É a universidade que, associando pesquisa com pós-graduação, produz a elite técnico-científica do país

Já pelo título, o artigo de Gilberto Dimenstein "O mito da USP está chegando ao fim?" (26/5) é uma provocação.
Qual é o papel de dezenas de escolas privadas disfarçadas em faculdades e universidades para o desenvolvimento nacional? Argumentariam alguns que as melhores universidades norte-americanas são privadas. O erro começa pela classificação dessas universidades, que têm estrutura jurídica privada, mas não são uma máquina de lucro, e que mantém o altíssimo padrão do binômio desenvolvimento científico/pós-graduação com enormes recursos públicos -por exemplo, da National Science Foundation, do National Institute of Health e até das Forças Armadas.
O desenvolvimento nacional decorre da pesquisa básica, transformada pelos próprios pesquisadores e, mais frequentemente, por membros da empresa privada em tecnologia. Medir a contribuição para o desenvolvimento pelo número de patentes é somar um processo burocrático que registra numerosos avanços que jamais levarão a produto, empregos e recursos.
As patentes que mais se aproximam de produto, emprego e retorno financeiro são as das empresas privadas, baseadas nas pesquisas de universidades como a USP e financiadas com recursos que, em parte, vêm do poder público (como é o caso das indústrias farmacêuticas internacionais). A maioria dos conhecimentos de alto valor é simplesmente mantido em segredo.
A universidade pública é um modelo que vem evoluindo e tem um papel fundamental no desenvolvimento nacional. É a universidade que, associando pesquisa com pós-graduação, produz a elite técnico-científica do país. Dissociados, os dois morrem. É essa minha observação, após quase duas décadas, depois de ter migrado da USP, via Universidades do Ivy Leage, para o Butantan.
O conceito de institutos de pesquisa dissociados da pós-graduação e com um quadro estável promovido basicamente por antiguidade não levou todos esses institutos reunidos a alcançarem a contribuição científica da USP, ainda que com importante contribuição para o país.
A interação USP-Butantan permitiu o aproveitamento de mais de uma dezena de professores aposentados, que fertilizou o instituto, abrindo suas portas, por meio da Universidade de São Paulo, para a pós-graduação. A participação de pesquisadores básicos no Butantan e na Fiocruz, ainda que geralmente alheios às prioridades do sistema nacional de saúde, permitiu que estas duas instituições produzissem 75% de todas as vacinas de que o Brasil necessita. Mais de uma dezena de institutos que produziam soros e vacinas, sem pesquisa básica, já morreram ou estão moribundos. O mesmo ocorre no resto do mundo.

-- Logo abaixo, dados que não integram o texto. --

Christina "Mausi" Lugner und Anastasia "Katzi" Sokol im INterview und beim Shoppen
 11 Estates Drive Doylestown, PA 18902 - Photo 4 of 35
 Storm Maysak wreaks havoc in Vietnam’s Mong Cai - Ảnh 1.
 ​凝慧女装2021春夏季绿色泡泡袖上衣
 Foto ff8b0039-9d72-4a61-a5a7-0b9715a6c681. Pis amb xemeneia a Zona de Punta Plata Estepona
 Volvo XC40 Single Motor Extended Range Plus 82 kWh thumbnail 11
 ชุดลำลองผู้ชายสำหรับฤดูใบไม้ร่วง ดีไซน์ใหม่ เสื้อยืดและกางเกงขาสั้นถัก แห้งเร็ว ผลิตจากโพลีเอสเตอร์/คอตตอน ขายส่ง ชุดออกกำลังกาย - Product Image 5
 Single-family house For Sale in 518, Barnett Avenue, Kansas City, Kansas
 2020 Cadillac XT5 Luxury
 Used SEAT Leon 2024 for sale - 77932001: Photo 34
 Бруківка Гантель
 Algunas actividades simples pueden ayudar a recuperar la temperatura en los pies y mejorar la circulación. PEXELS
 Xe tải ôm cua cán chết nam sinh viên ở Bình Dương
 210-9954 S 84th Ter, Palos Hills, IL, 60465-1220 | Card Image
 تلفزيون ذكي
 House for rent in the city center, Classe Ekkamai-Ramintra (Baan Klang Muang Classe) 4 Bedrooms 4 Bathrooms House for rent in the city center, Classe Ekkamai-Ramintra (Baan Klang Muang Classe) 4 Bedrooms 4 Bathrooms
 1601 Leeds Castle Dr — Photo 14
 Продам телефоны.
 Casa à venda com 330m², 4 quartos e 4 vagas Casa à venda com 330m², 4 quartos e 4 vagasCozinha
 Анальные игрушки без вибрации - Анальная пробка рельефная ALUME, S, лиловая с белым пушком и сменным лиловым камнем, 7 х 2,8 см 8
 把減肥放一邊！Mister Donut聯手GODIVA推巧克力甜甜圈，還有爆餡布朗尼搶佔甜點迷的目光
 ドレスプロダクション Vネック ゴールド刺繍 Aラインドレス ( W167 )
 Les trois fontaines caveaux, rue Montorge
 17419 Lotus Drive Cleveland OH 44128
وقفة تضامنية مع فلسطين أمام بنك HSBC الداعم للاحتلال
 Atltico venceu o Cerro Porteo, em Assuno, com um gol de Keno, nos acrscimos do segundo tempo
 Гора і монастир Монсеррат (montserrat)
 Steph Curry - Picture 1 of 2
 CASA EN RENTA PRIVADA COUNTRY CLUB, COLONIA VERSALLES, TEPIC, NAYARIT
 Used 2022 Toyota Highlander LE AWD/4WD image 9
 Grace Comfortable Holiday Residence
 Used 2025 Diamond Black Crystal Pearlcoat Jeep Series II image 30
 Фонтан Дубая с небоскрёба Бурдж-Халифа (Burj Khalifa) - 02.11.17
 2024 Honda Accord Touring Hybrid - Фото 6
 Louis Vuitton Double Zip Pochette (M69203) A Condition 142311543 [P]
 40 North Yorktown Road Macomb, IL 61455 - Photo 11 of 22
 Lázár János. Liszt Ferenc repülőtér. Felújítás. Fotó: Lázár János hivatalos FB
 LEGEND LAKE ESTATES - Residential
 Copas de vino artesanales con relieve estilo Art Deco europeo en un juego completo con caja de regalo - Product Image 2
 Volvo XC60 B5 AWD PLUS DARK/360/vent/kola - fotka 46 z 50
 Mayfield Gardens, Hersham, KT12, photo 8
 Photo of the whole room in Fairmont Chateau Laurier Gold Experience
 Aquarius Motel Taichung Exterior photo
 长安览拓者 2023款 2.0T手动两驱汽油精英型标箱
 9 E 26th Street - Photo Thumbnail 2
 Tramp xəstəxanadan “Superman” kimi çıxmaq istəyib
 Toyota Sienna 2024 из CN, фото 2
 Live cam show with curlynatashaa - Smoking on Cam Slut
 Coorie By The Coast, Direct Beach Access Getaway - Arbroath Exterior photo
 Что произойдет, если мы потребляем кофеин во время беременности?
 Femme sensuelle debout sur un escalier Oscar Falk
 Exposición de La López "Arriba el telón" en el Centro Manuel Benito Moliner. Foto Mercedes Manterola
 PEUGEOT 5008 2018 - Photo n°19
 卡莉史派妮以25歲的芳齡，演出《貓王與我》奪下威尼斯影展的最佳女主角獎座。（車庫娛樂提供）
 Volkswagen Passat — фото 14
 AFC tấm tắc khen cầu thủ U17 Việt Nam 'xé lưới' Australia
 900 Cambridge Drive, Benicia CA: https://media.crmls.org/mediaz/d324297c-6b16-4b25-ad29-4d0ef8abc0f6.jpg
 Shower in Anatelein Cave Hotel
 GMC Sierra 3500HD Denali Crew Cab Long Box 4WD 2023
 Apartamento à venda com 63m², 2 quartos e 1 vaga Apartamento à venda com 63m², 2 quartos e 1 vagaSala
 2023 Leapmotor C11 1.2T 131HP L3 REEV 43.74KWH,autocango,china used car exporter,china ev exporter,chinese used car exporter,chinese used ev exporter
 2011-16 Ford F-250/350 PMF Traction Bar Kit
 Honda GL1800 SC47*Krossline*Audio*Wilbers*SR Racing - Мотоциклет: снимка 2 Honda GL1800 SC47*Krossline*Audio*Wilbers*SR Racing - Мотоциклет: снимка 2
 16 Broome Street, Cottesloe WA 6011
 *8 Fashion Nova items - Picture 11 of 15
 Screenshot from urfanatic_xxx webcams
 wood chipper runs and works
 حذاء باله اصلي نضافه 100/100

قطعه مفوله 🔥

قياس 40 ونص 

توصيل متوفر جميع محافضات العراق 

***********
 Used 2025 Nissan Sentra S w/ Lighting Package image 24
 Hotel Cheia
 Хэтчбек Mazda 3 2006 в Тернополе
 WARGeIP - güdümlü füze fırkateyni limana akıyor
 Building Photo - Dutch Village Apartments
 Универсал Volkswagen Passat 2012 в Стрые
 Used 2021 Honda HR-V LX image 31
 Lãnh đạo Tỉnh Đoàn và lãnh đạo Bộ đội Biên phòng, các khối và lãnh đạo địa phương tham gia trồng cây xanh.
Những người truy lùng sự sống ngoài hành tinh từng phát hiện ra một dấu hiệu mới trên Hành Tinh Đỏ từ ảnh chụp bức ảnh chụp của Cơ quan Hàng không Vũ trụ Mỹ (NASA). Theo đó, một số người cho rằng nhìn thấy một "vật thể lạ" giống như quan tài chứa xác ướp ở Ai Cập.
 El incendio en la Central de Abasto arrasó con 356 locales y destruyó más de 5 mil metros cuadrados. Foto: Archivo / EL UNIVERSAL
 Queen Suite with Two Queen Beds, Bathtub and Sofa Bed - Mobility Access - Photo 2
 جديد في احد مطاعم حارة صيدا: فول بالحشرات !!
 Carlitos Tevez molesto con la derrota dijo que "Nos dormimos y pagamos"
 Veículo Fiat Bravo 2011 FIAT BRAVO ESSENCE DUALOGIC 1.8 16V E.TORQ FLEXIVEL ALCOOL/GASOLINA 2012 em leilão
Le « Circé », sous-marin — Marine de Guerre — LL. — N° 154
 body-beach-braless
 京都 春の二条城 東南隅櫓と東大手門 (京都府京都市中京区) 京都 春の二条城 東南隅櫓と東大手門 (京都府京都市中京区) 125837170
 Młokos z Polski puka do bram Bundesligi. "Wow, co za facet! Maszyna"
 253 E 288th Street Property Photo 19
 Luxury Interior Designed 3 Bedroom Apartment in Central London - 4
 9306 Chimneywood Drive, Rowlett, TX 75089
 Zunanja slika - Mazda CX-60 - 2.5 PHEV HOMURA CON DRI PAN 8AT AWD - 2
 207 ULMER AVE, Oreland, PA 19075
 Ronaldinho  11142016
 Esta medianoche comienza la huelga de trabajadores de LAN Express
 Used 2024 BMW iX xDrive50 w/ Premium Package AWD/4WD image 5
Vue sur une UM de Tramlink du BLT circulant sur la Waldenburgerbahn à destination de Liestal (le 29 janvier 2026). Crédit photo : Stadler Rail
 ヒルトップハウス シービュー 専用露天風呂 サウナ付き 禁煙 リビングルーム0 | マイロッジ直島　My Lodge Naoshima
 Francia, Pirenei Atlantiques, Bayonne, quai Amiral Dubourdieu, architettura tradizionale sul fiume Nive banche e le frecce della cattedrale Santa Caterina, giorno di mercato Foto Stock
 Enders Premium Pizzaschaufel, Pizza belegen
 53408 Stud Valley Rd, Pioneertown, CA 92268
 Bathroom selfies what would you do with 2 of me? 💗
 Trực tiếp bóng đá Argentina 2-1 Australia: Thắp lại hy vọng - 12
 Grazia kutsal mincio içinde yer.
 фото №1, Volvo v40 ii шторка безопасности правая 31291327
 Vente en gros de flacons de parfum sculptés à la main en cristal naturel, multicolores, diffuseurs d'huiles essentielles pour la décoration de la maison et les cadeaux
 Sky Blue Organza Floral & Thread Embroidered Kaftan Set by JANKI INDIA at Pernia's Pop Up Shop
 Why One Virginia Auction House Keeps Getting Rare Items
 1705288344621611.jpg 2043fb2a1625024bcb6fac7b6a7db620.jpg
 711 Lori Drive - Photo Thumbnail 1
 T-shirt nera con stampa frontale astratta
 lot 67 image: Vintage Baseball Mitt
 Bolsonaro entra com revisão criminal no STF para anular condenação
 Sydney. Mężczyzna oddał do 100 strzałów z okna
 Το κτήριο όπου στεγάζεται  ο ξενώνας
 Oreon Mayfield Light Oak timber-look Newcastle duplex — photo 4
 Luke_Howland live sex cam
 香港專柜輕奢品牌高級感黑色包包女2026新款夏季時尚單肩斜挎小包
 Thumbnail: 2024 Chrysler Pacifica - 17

O Brasil, para controlar más escolas privadas que diplomam quase ignorantes, retroagiu á época da ditadura de Vargas, numa combinação de regulamentos, leis, currículos e exames uniformes. Está impedindo a USP e outras universidades de alto nível de reinventarem as estrutura dos seus cursos, inovando particularmente a formação em áreas técnico-científicas.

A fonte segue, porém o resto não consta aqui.